I figli forse non erano mai troppi, a meno che non fossero due figlie, perché - si pensava - fra due sorelle difficilmente poteva crearsi un buon accordo: "Dò sorell in d'ona cà, gh'è el diavol e nol se sà." Per dirimere questi difficili rapporti e anche per dare loro un'educazione, i figli venivano costumaa. In queste occasioni si usavano metodi anche piuttosto rudi, talvolta volava qualche ceffone, tal altra si davano scapaccioni: "ul cuu no porta pena ", cioè il sedere è il posto che, ricevendo percosse, ne trae minor danno. Inoltre non bisogna mai dare vizi ai bambini perché "fioeu tropp carezzaa l'è mal levaa." Alle madri in puerperio si consigliava di mangiare spesso e non di non occuparsi d'altro che dei propri figli: "fassa e desfassa, e el temp che te vanza menna la ganassa."

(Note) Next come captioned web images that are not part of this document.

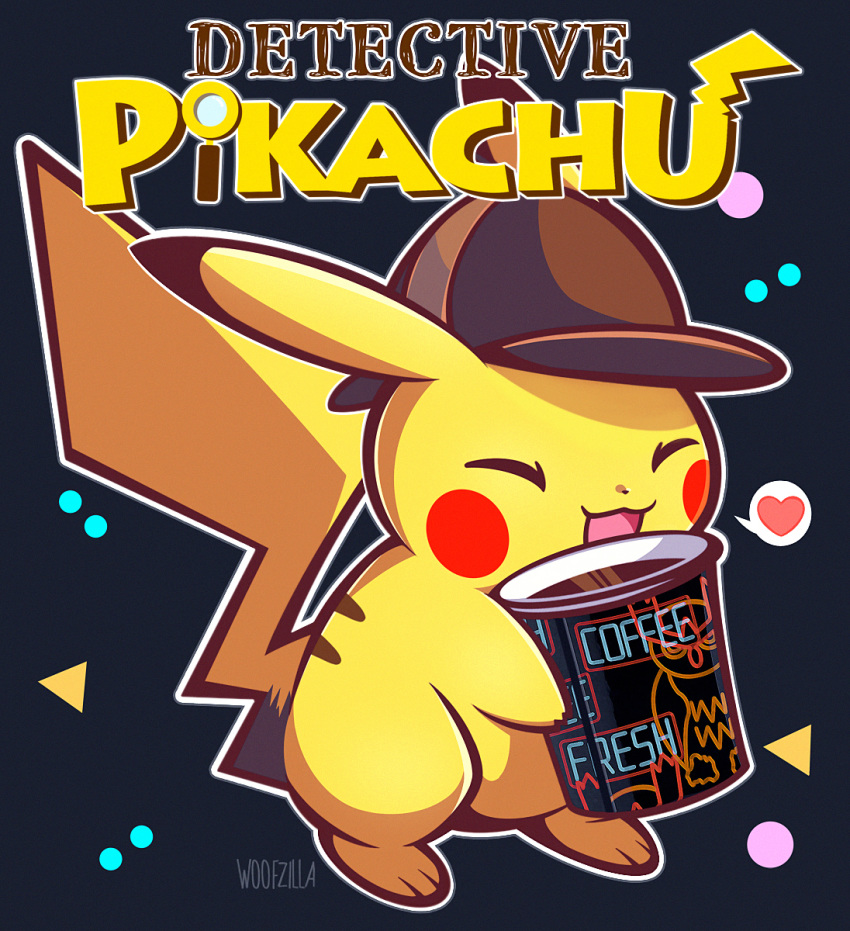 2019 beverage closed_eyes clothing coffee container cup detective_pikachu dipstick_ears ear_markings generation_1_pokemon hat hat_only headgear headgear_only headwear headwear_only heart_symbol hi_res mostly_nude multicolored_ears nintendo open_mouth pictographics pikachu pokemon pokemon_(species) pokemon_detective_pikachu signature solo speech_bubble woofzilla yellow_body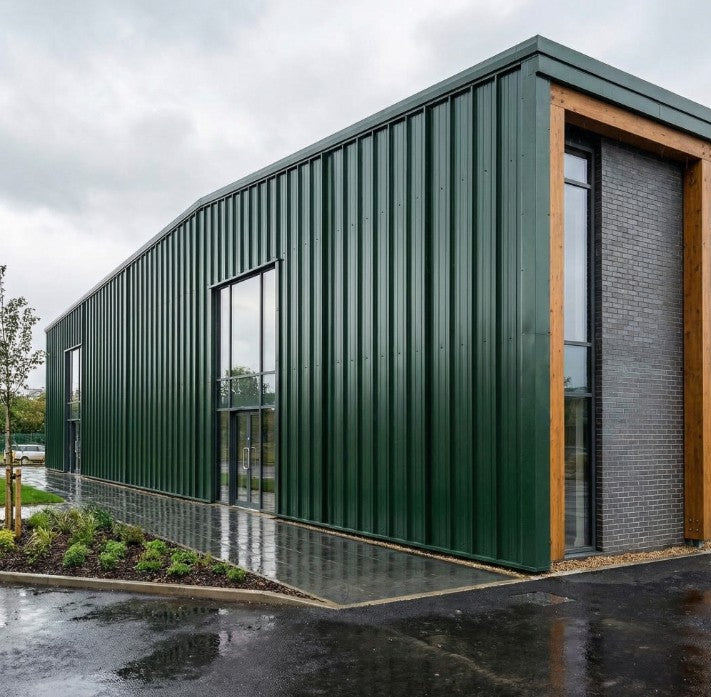 32/1000 Box Profile Polyester Paint Coated 0.5mm Metal Roof Sheet Juniper Green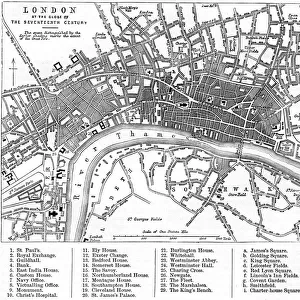 Map of London in the 17th Century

Man mano che i bimbi crescono, crescono anche i problemi e le preoccupazioni che li riguardano: "fioeu piscinitt, fastidi piscinitt, fioeu grand fastidi grand " o anche "i fioeu hin dolor de coo." Nonostante una educazione curata da medesimi genitori, sovente i figli differiscono fra di loro per il carattere, i meriti e i demeriti: "i did d'ona man hin vun divers de l'olter." I bambini comunque vanno trattati da bambini: "I fioeu bisogna trattaj de fioeu." A loro va lasciato spazio per conoscere le cose ed i grandi hanno una grande responsabilità: "I piscinitt imparen di grand." Per le ragazze, precoci nello sviluppo fisico, sorgeva presto il problema del matrimonio, che tradizionalmente veniva voluto per tutte e possibilmente appena possibile: "i tosann besugna maridaj prest, minga tegnij lì a fa crusca " o ancora "i tosann hin minga mercanzia de lassas vegnì veggia in cà." In ogni caso l'educazione che veniva riservata ai ragazzi era piuttosto spartana, senza tante delicatezze o attenzioni, perché la loro crescita era nella natura delle cose: "i usej in di frasch e i fioeu in di strasc." Ed eccoci ora a trattare un altro aspetto della casa: i vicini. Non sempre i rapporti sono facili, anzi è proverbiale la difficoltà di convivenza fra vicini di casa: "cativa visinanza pèg del dolor de panza." Sulla stessa lunghezza d'onda troviamo ancora: "Guardèt pü che te pò da ün trist visin, e da ün prenzipiantèl de viorin."
Dio ti salvi da cattivo vicino e da principiante di violino, parafrasa un proverbio toscano che, come il precedente, mette in luce il fastidio che può recare un vicino invadente o permaloso: proprio come l'acre disturbo che procurano le note disarmoniche di un suonatore di violino alle prime armi. Però non è sempre consigliabile cambiare casa a motivo dei vicini perché in qualunque luogo si vada a finire, in qualunque casa si troveranno sempre disagi: "chi lassa el sò visin per on difèt, el cambia casa, ma no 'l cambia lèt." Per fortuna tra i vicini di casa si possono trovare alle volte anche dei veri amici: "la visinanza l'è 'na mèza parentèla." D'altra parte con i vicini in questi casi sovente si finisce per stringere un buon legame d'affezione: "i visin in i primm parènt."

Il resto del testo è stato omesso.